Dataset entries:
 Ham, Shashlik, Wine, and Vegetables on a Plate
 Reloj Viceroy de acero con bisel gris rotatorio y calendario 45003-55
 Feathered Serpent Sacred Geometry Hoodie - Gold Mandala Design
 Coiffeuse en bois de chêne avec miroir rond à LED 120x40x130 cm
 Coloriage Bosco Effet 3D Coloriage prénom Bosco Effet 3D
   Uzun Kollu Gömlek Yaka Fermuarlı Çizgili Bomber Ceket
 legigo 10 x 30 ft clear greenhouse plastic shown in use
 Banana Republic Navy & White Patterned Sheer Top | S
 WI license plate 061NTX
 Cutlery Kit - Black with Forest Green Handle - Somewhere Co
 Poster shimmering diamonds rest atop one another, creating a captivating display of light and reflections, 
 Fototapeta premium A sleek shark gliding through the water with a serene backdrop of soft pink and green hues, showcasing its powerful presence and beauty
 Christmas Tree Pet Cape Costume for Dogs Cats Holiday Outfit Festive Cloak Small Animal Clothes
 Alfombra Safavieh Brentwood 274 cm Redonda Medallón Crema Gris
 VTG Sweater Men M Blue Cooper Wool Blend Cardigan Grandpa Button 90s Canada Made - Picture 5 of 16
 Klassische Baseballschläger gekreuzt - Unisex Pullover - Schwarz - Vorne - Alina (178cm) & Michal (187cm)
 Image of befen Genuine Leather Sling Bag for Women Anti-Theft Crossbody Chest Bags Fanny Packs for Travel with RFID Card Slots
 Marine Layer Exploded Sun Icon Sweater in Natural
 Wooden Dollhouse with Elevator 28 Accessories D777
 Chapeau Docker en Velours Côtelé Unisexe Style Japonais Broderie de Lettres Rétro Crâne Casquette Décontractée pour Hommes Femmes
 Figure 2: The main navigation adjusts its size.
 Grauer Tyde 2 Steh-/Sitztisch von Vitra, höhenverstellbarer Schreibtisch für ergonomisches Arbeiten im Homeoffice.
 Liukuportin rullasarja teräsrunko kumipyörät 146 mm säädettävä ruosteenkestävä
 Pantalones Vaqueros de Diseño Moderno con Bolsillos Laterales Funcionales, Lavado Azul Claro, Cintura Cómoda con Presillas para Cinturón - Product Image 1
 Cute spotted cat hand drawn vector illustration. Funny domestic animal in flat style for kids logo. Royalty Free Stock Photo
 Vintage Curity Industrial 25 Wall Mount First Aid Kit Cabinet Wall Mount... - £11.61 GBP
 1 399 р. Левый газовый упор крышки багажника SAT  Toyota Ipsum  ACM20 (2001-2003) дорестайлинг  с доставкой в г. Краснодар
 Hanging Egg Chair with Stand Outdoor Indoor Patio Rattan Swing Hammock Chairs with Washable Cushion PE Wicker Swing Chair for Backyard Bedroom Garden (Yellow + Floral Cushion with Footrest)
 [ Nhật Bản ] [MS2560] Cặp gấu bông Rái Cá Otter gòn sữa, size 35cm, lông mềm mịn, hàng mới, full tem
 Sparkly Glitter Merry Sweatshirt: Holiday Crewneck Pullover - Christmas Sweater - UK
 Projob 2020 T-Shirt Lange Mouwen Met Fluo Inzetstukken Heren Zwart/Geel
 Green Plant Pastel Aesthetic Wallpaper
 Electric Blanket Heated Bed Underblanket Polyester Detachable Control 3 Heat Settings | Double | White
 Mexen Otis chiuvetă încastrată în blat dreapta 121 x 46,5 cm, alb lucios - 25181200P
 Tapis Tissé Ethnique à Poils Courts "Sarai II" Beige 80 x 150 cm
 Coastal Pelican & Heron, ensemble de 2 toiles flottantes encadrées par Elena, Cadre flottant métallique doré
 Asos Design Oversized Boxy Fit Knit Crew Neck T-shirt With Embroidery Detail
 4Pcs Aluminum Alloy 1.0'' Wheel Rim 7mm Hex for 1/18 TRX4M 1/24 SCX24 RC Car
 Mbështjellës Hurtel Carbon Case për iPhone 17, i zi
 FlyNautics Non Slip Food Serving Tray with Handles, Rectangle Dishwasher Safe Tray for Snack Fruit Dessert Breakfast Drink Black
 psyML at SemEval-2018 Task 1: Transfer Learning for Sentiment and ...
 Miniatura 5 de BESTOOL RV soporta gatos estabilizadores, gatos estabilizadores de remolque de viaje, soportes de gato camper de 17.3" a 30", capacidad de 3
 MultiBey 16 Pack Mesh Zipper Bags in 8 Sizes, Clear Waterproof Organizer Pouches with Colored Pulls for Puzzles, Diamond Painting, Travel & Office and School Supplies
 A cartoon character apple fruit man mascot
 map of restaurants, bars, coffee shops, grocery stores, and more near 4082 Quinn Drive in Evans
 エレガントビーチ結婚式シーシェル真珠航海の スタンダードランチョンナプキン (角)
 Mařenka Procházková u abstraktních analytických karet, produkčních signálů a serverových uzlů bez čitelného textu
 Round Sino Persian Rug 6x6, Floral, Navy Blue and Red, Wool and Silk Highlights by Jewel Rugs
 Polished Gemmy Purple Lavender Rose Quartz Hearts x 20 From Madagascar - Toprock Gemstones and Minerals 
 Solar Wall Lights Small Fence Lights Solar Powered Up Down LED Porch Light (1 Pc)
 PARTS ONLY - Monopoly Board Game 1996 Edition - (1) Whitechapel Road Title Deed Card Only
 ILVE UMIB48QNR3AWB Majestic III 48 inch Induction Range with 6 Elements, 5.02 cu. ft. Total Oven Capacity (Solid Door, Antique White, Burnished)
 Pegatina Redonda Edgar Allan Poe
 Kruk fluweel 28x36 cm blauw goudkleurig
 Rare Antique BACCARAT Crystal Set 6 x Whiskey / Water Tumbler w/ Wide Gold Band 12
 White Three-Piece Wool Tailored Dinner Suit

- Exercise aim:
From the records above, give again exactly the lines running from the line with "Klassische Baseballschläger gekreuzt" to the line with "Chapeau Docker en", inclusive.

- Response to the task:
 Klassische Baseballschläger gekreuzt - Unisex Pullover - Schwarz - Vorne - Alina (178cm) & Michal (187cm)
 Image of befen Genuine Leather Sling Bag for Women Anti-Theft Crossbody Chest Bags Fanny Packs for Travel with RFID Card Slots
 Marine Layer Exploded Sun Icon Sweater in Natural
 Wooden Dollhouse with Elevator 28 Accessories D777
 Chapeau Docker en Velours Côtelé Unisexe Style Japonais Broderie de Lettres Rétro Crâne Casquette Décontractée pour Hommes Femmes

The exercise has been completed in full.